Everybody want a happily ever after. Some people don't admit to wanting it, but we all do. Even if we know that with everything evil and bad in the world, we don't have a snowflake's chance in hell of getting one.All good things are flukes. After they happen, Life rushes in to take it back and laugh in your face. Good things don't stick. At least, not for me.

Although I know I won't ever get a happily ever after, I dream of getting a family. I want a big family that will love me unconditionally. I don't want a picket fence and a perfect husband. Sure, the perfect husband would be nice, but all I need is love.

I don't want the pain of knowing that any day could be my last and having too much responsibility. I don't want only having the love of two people for the rest of my life, or needing to make sure all three of us make it through each day. Of course, without them, I wouldn't fight so hard to stay alive. I wouldn't have any fight left.

Those two people I have aren't my parents, like any of you might have expected them to be. Those people who I fight so hard for are my twin little brother and sister.
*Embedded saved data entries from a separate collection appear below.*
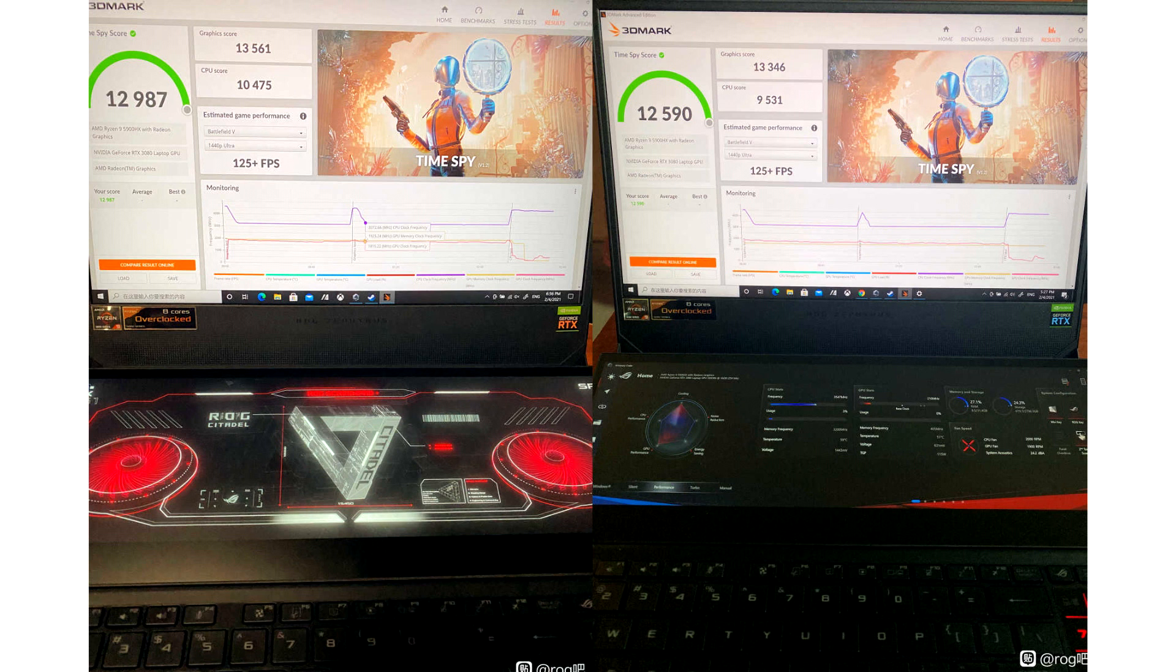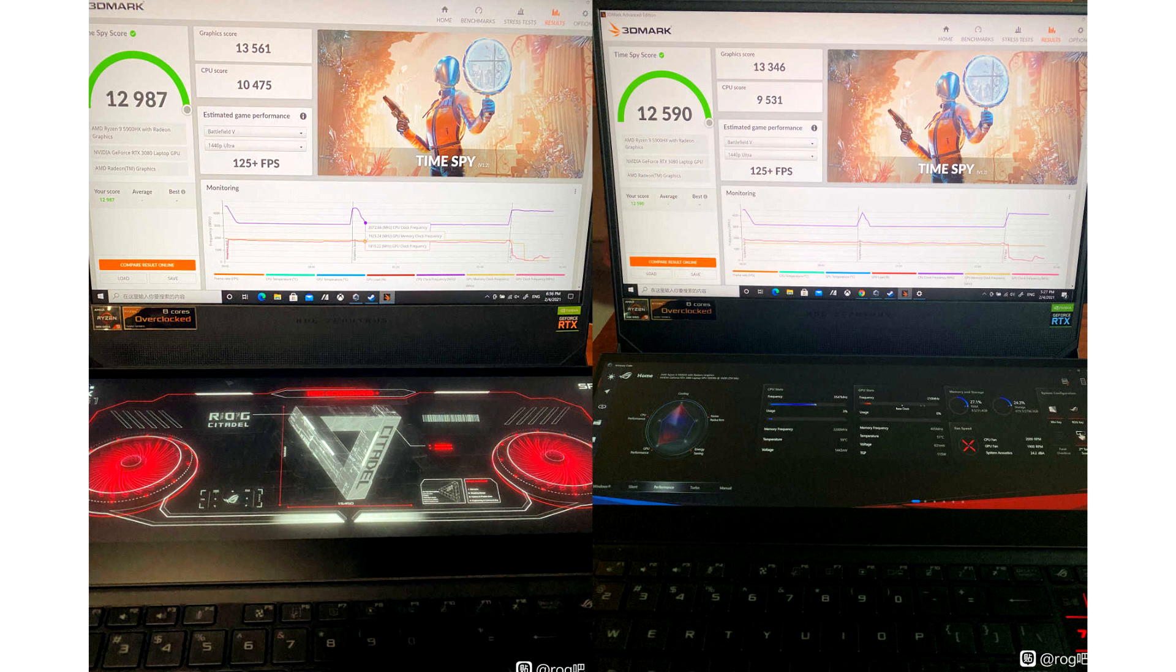This is a fairly significant limitation that reduces peak frequencies. Users have successfully unlocked TGP up to 150 watts and have taken all the top spots in the 3DMark ranking for Mobile GeForce RTX 3080.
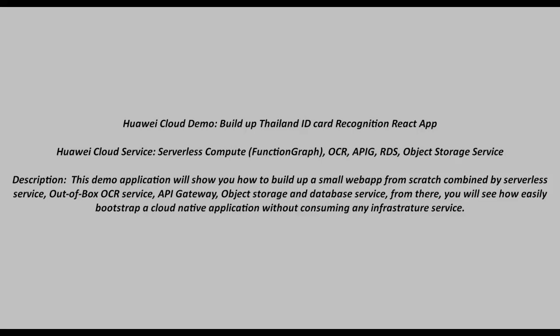Hello everyone, welcome to Huawei Cloud South Africa Demo Center. Today I will guide you on how to develop an OCR web application using serverless architecture.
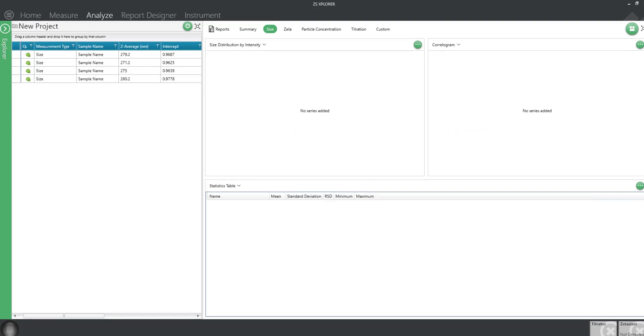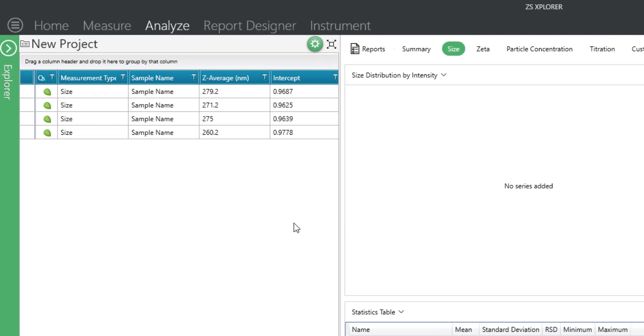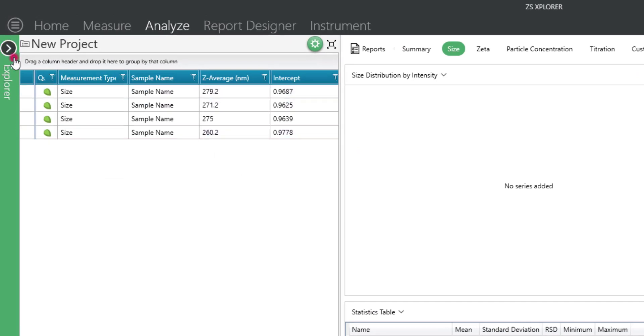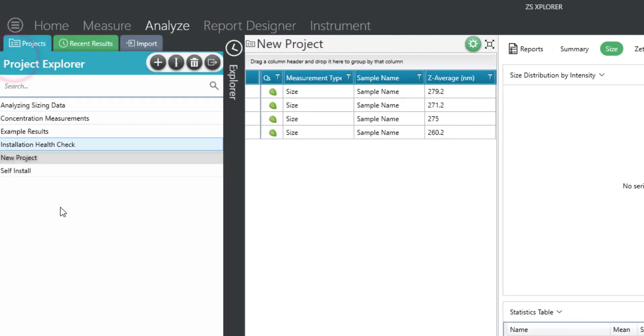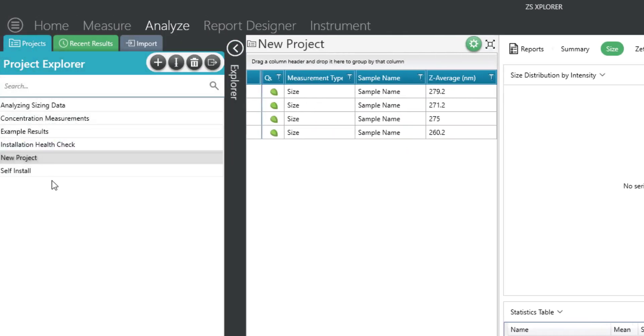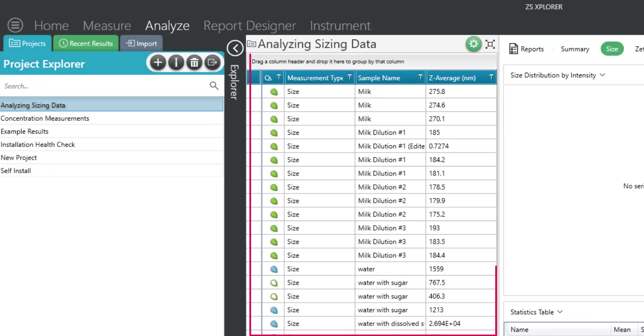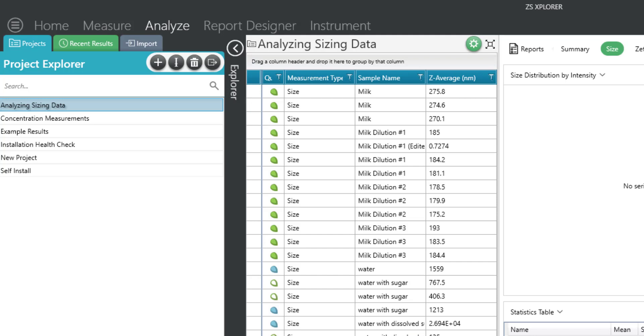From the Analyze tab, locate the Project Explorer. Select your project and you will see the record view update with the data entries located in the project. You can export the entire project by clicking the export button. You will then be prompted for the location for saving the .zmes file.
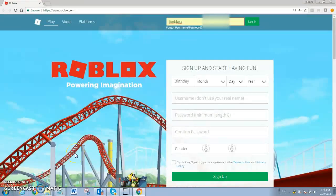Hey guys, what's up? Today I'm going to show you how to view someone's password.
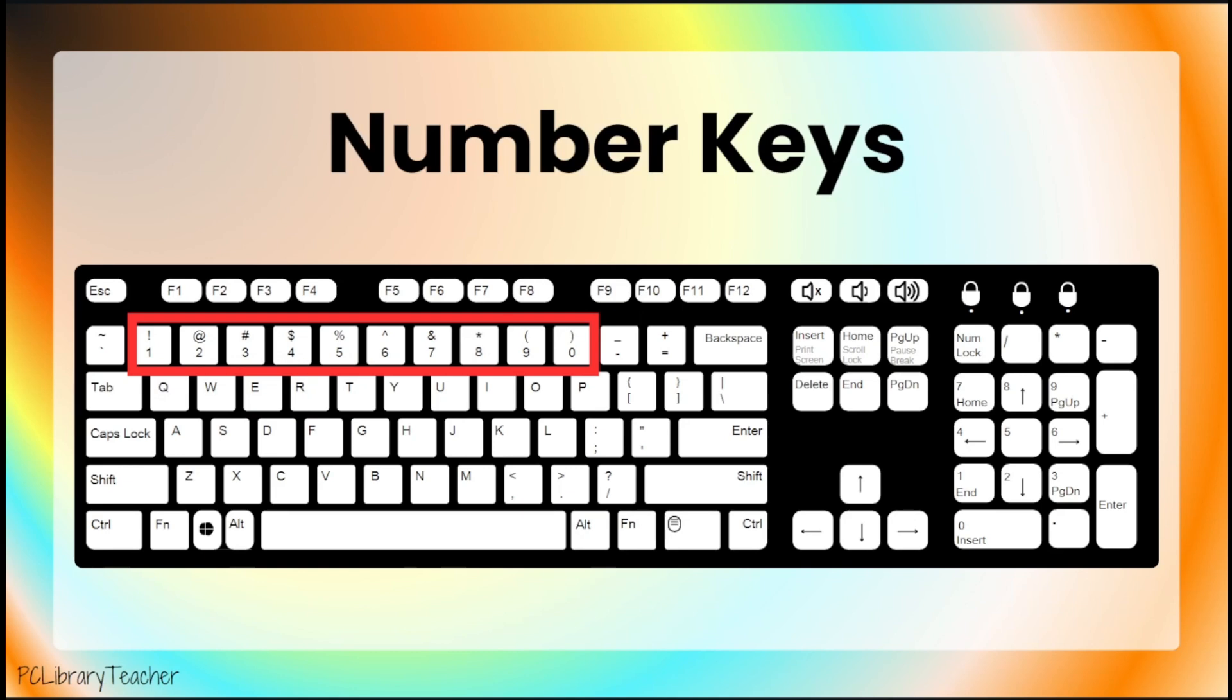The third section of the keyboard is the number keys. The number keys are right above the letter keys. Each number key can also type a symbol, like an exclamation mark or parentheses.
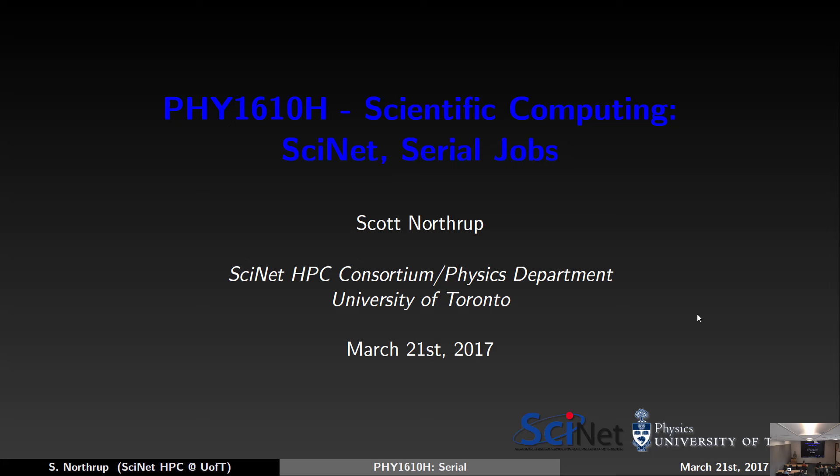Today we're continuing with our introduction to high-performance computing, but we're going to focus mainly on serial jobs. That's a little funny because we spent a lot of the last lesson introducing the idea of parallel programming and parallel paradigms, but serial does play a part in that. We're going to talk about how you can still do things in parallel without modifying your code — just by adjusting your workflow.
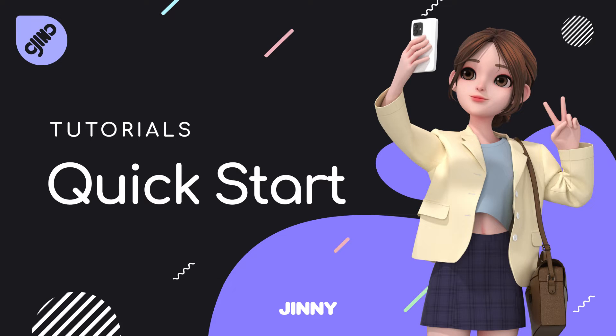Hi everyone, welcome to the Gini quick start video. In this video, I'll introduce the overall interface and how to use each tool.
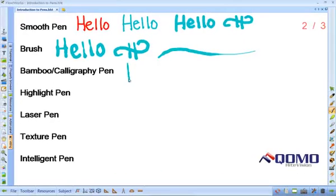The next pen is the bamboo pen. This pen is best for calligraphy writing.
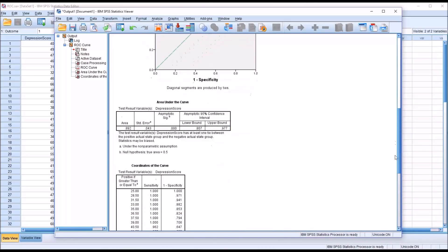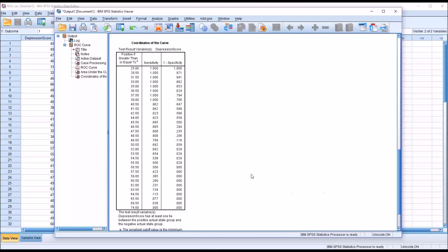Moving down to the last table, coordinates of the curve, there's a lot of data here. The left column shows positive if greater than or equal to a given value — this is where we would start to work to determine a cutoff score. Cutoff scores are not necessarily easy to determine; there's no perfect cutoff score because you're always balancing sensitivity with specificity. Depending on what type of application you are using the diagnostic test for, you may be able to tolerate low sensitivity and high specificity, or high sensitivity and low specificity, and those needs will inform what cutoff score you select.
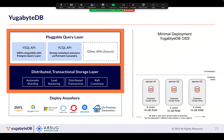A distributed database can solve some of those problems. One of the key highlights of YugabyteDB is that it gives you the same transactional consistency but in a distributed manner. Distributed databases have historically not been meant for transactional applications — they were mostly for analytical work. But sometime in the mid-2010s, distributed databases with transactional capability got traction, and we see more and more products coming into the marketplace.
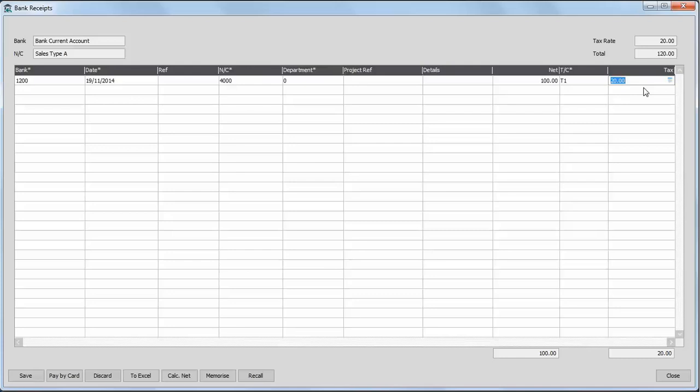Once you've entered the transactions though, just click save at the bottom. And that's it done.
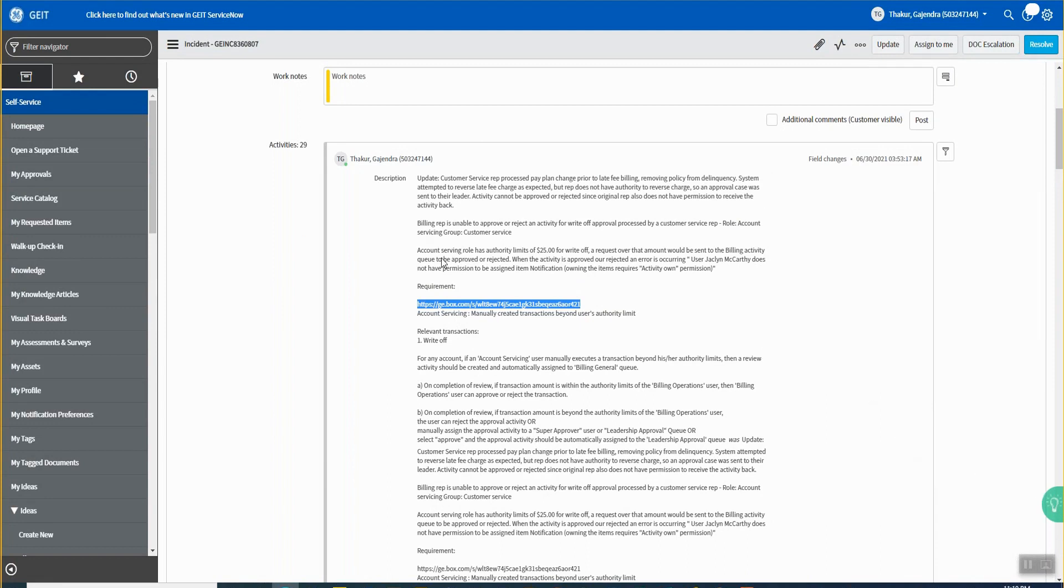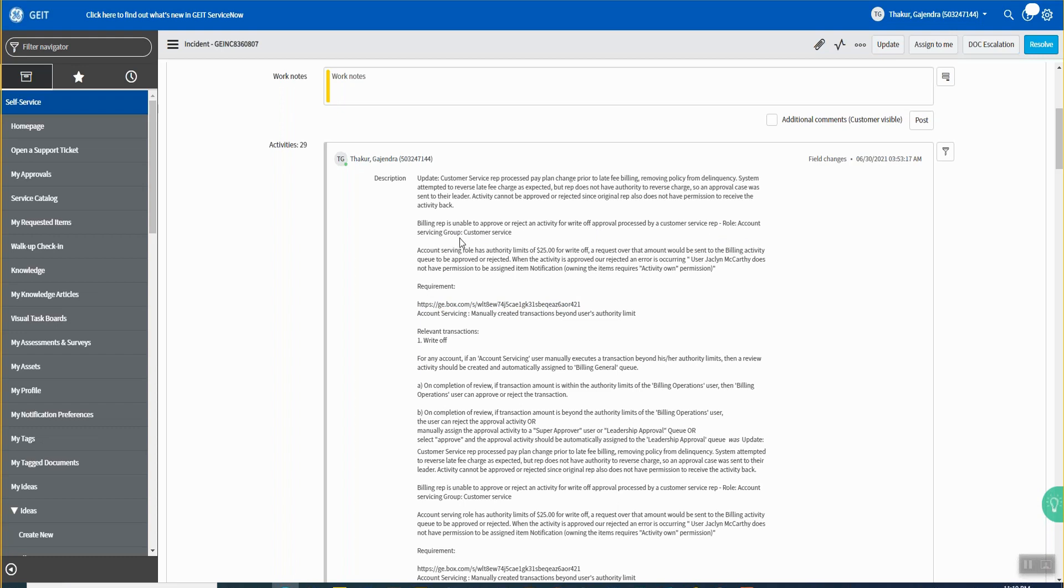So the billing rep is unable to approve or reject an activity for write-off approval processed by a customer service rep in the account servicing group. He is in the role of account servicing group. The customer service account servicing role has authority limits of $25 for write-off. A request over the amount would be sent to the billing activity queue to be approved or rejected.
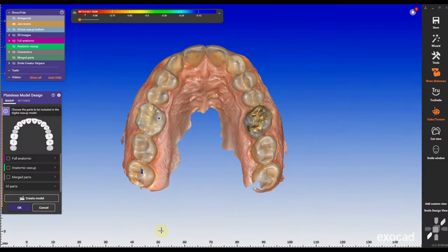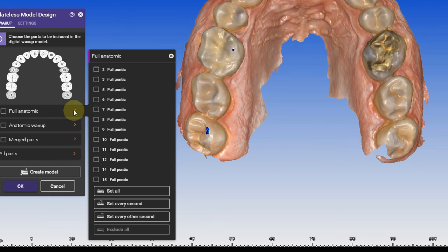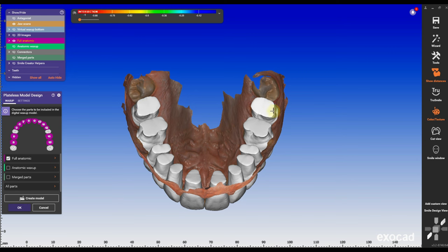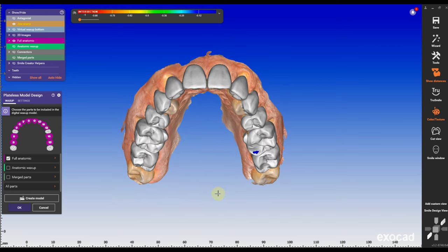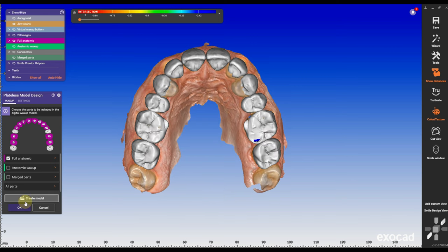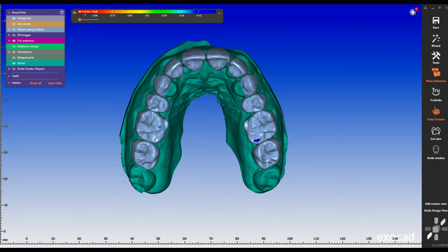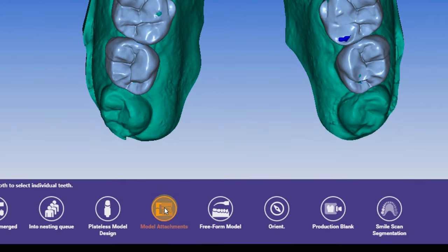Under the model builder, I'm going to select digital wax-up. I'm going to select the playlist model and here you can choose between which teeth you want to include in the wax-up — I think that's really cool. In this case, I'm going to include all the teeth. Make sure you didn't adapt to the pontic, because adapting to the pontic will create a wax-up model with gaps and you don't want that.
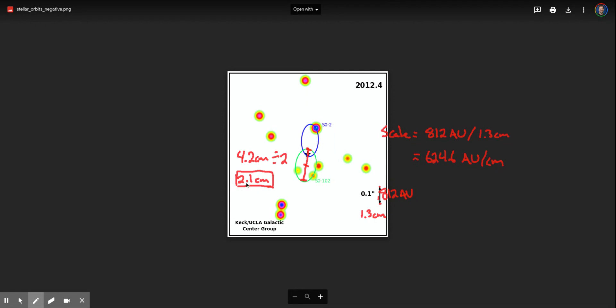So if I have 2.1 centimeters then I know I must just be able to take that scale factor, 624.6, and multiply it by 2.1 centimeters because it's 624 AU per centimeter and that would give me 1300 AU.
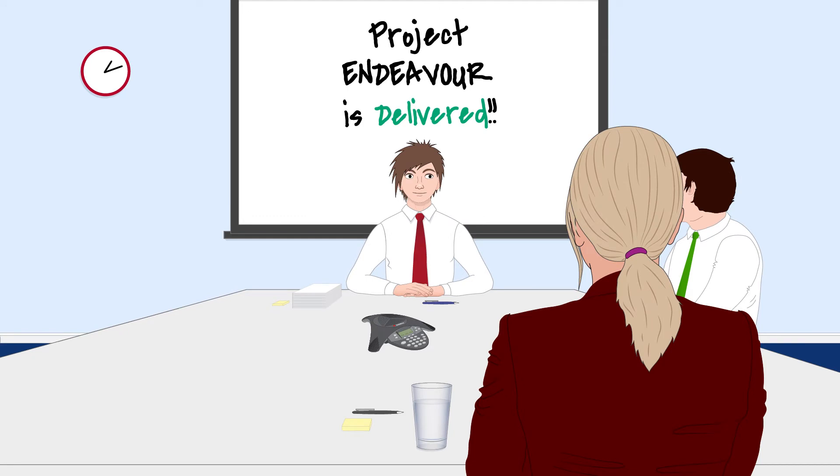And that wraps up Project Endeavor. I hope you were really happy with the product we've delivered, Ali. Very happy, thanks Jacob. It's all gone really well.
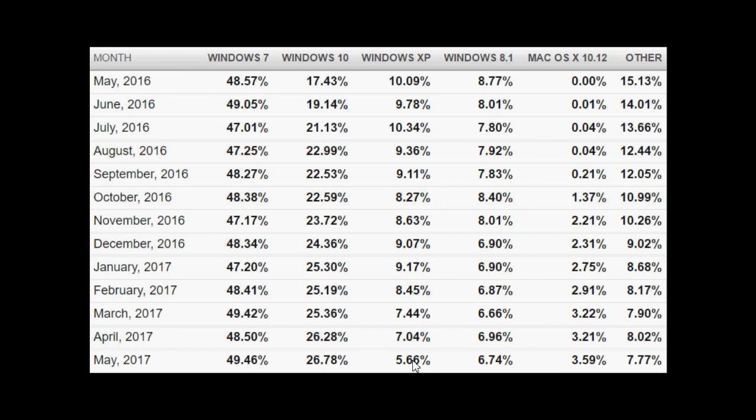I saw a number for Chrome OS also as 0.9% or something like that. So it's kind of interesting to see but the two numbers that are just amazing here is looking at Windows 10 and Windows 7. And looking at the headache that's going to be, that's probably happening at Microsoft right now.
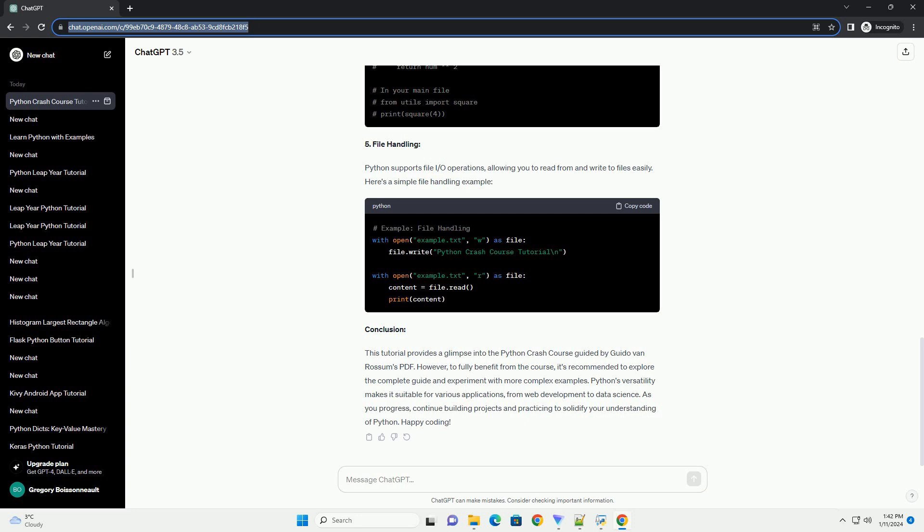5. File Handling. Python supports file I/O operations, allowing you to read from and write to files easily. Here's a simple file handling example.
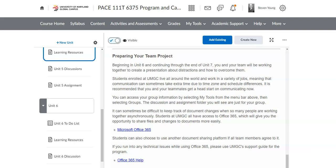Hello Pace111T class. I hope that you are having a wonderful week. I want to do this quick video to mention the team project.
Their names are Brandon and Elizabeth. They are both ten years old. I am Catherine, and I am seventeen years old. For the past three years, I have been keeping all of us as safe as I can. To do this, I have to let myself get beaten. If I'm beaten, Brandon and Elizabeth are safe. My pain brings them good health. I would rather receive all of it than have them get any.

I mean, it's not like our parents would help them. It's their fault.They are the ones to try to hurt us after all. We can't tell though. If we tell, we won't have each other again. Once I turn eighteen, I will be taking full custody and nobody will hurt them ever again. I will always protect them.